Aviva got email confirming that the Monterey County Fair Wool Auction will indeed be held on Labor Day (Monday) this year.
The core group of Serendipity Spinners that are planning to participate in the Sheep-to-Shawl event Oct 1 at Lambtown will be meeting tomorrow. We polled those at the meeting who’d expressed interest to see who was more firmly interested. At this point, Ange will be helping Carol and Ginger spin singles for the warp. Aviva said she’d prefer to only be a backup.
The Scottish Games are coming up on the Saturday and Sunday of Labor Day weekend at the Alameda County Fairgrounds in Pleasanton. Lynn helped make arrangements for those that went to demonstrate spinning there last year. She and Carol attested that it is a fun event. It looks like we will probably be less organized for the event this year.
Show & Tell:
Aviva had to leave early. She shows us a towel that she was making. The stripe of darker color in the photo was dyed using Osage orange plus iron. The yarn is a merino/angora blend.

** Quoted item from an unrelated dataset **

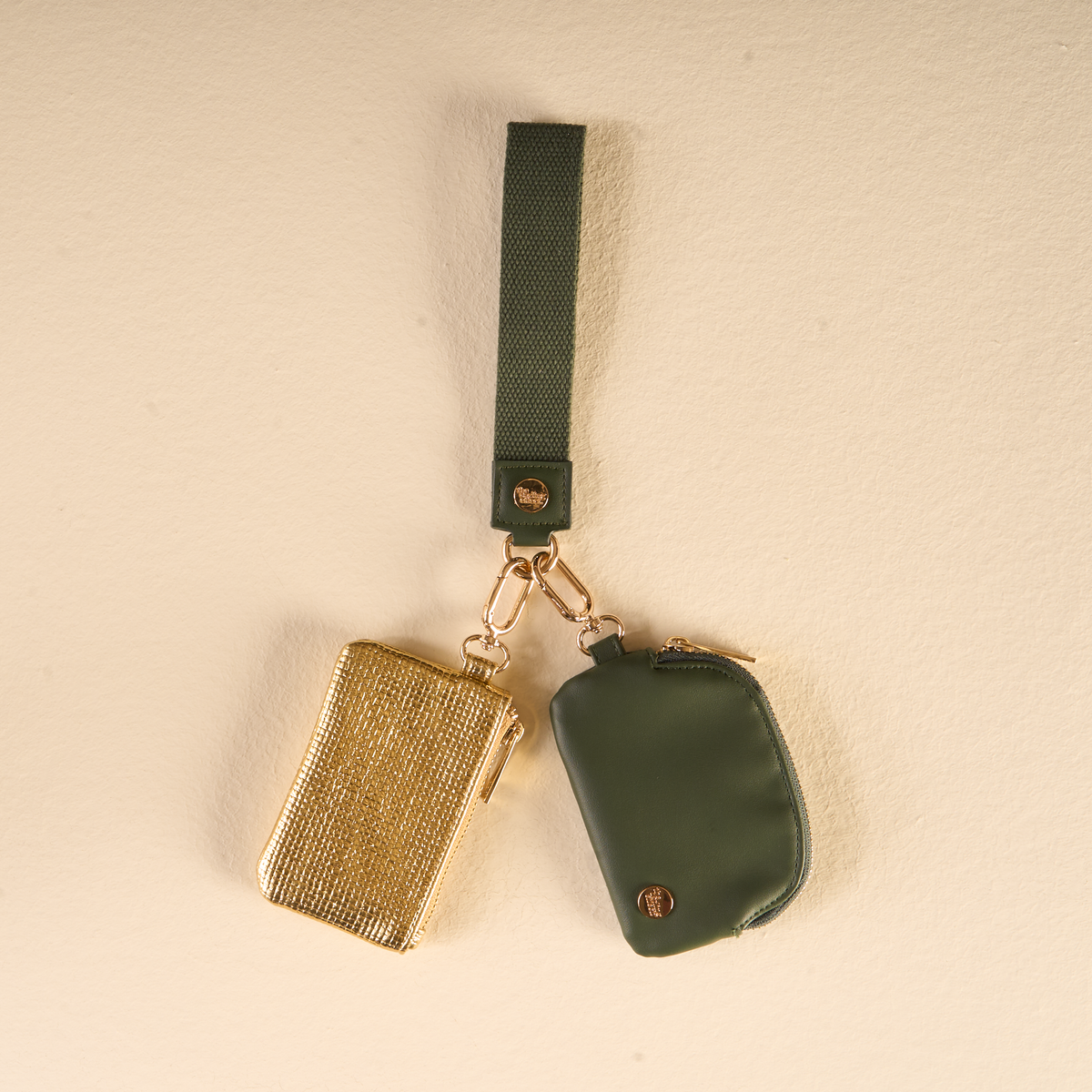 Dynamic Duo Pouch Luxe Wristlet-Evergreen Gold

Ange is continuing to spin gray Wensleydale X Romney fiber.
Patti finished spinning her brown merino. She is now spinning natural white wool purchased to spin at her church’s yearly Bethleham reenactment. Patti is also practicing her new skill of crocheting. She made quite a few more granny squares from her handspun gold and white yarns.

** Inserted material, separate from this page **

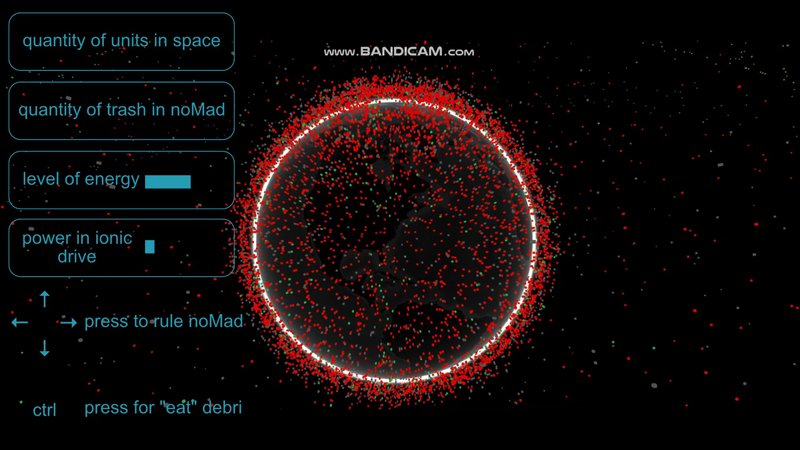 Here is the UI of noMad video game for your computer or phone. Here you can choose the debris orbit to catch debris.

Laura is spinning on her big support spindle some Suffolk fleece that she got as a freebie a couple of meetings ago and dyed brown (photo). Laura has also been weaving and spinning at home. She finished spinning a couple of balls of blue variegated “fat yarn”. At the meeting, she showed us a recent weaving project.
Kelly picked up a bit too much fiber at Ginger’s fiber giveaway last fall. She brought the excess to the meeting to give away. Kelly showed off the blending board that she made from a cutting board, following the general blending board design that Cookie used to make her blending board. Kelly decorated her blending board with a sheep design, using wood burning.

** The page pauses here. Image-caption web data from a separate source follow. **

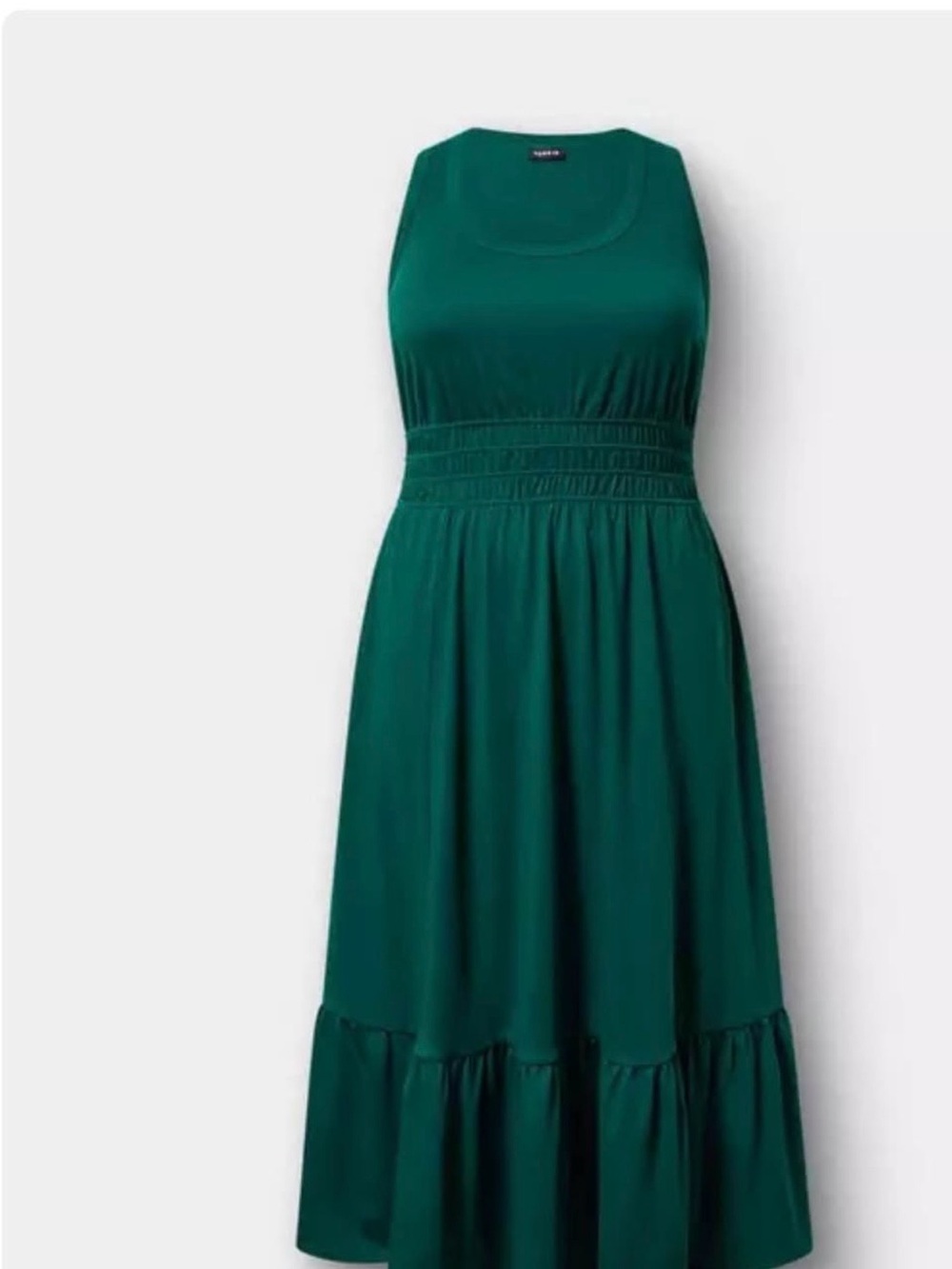 torrid NWT Sleeveless Emerald Green Shirred Waist Tiered Midi Dress
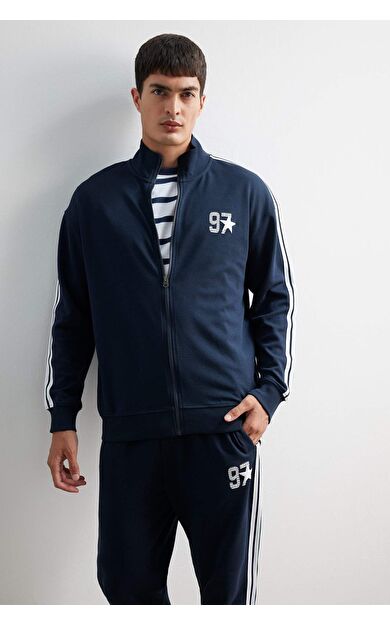 DeFacto Boxy Fit Dik Yaka Baskılı Fermuarlı Sweatshirt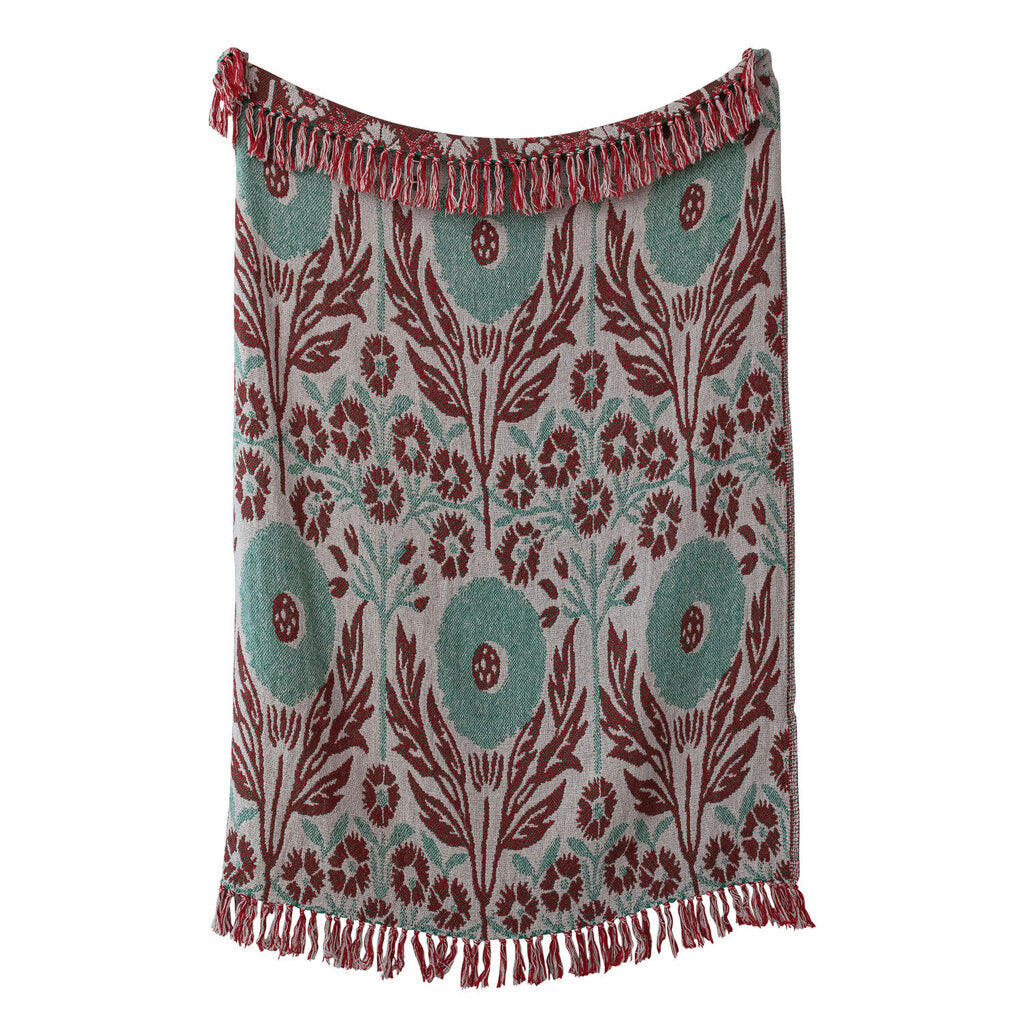 Jacquard Throw | Flower Pattern | Green & Berry Color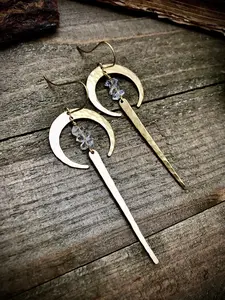 Herkimer Diamond Crescent Gold Brass Earrings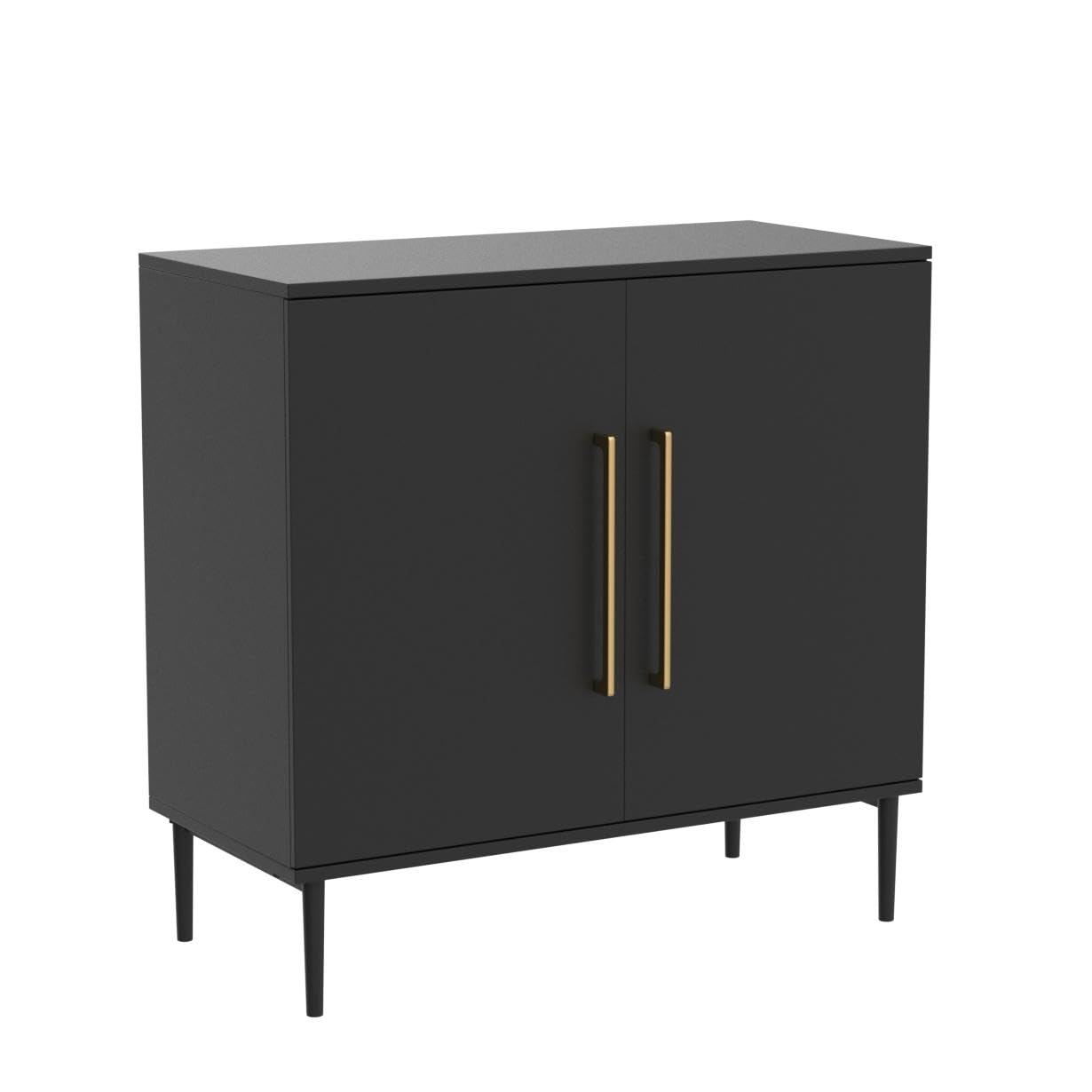 LYNSOM Storage Cabinet with Doors and Shelves, Free Standing Office Cabinet, Modern Wood Buffet Sideboard for Kitchen, Living Room, Bedroom, Hallway, Black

Karla showed up for the first time at Serendipity. She is a new spinner. She is a new spinner that learned at a workshop in Arizona. At the meeting, she was spinning yarn on a large support spindle to add a bit more twist so that it work better for a weaving project that she has in mind.
Ginger has started in on decluttering her garage and so hasn’t had much time for spinning at home.
Nancy Derham has been busy because May is a birthday month in her family. Two daughters have May birthdays. Nancy showed us two pair of socks she finished knitting. Nancy has also started knitting a replacement pair of skippers for her Japanese son-in-law who lives in Pennsylvania. The pair Nancy gave him as a gift in January already has big holes.
While Nancy visited Pennsylvania in April, she found a hat knitted from very soft spun yarn or roving at a thrift store. Nancy bought it for $1 and dolled it up with a flower. Nancy is spinning some pretty but not very soft dark violet.
Carol is trying to spin through her “archives” in her garage. She is currently spinning from a box labelled 2004. She’s been watching Netflix as she spins. Her recent non-hand-spinning project is a knitting project working up some souvenir yarn Carol bought while visiting a friend in Liverpool.
Sharolene is spinning multi-color yarn from fiber she dyed. Sharolene thinks the fiber is probably a wool/silk blend dyed in a Nancy Finn class.
Sharolene and a friend took a warp dyeing class in Columbia a couple of years ago. They dyed bast fiber. Sharolene used the left over dye to dye cotton balls that had been soaked the night before in mordant.
Sharolene has also been busy weaving. She made a tuck lace piece. She brought and showed us a sampler. She has multiple yards of that hand woven tuck lace at home. It is woven from yarn that she got at Jean Shoe’s estate sale.